Task requirements => Only the lines from the one containing "Plantronics PTH100 SpectraLink" through the end of the listing below belong in your answer; retype them exactly.

Information provided =>
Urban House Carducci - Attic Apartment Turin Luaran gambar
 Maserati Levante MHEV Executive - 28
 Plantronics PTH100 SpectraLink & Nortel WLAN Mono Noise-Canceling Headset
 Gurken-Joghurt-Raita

Response for this exercise =>
 Plantronics PTH100 SpectraLink & Nortel WLAN Mono Noise-Canceling Headset
 Gurken-Joghurt-Raita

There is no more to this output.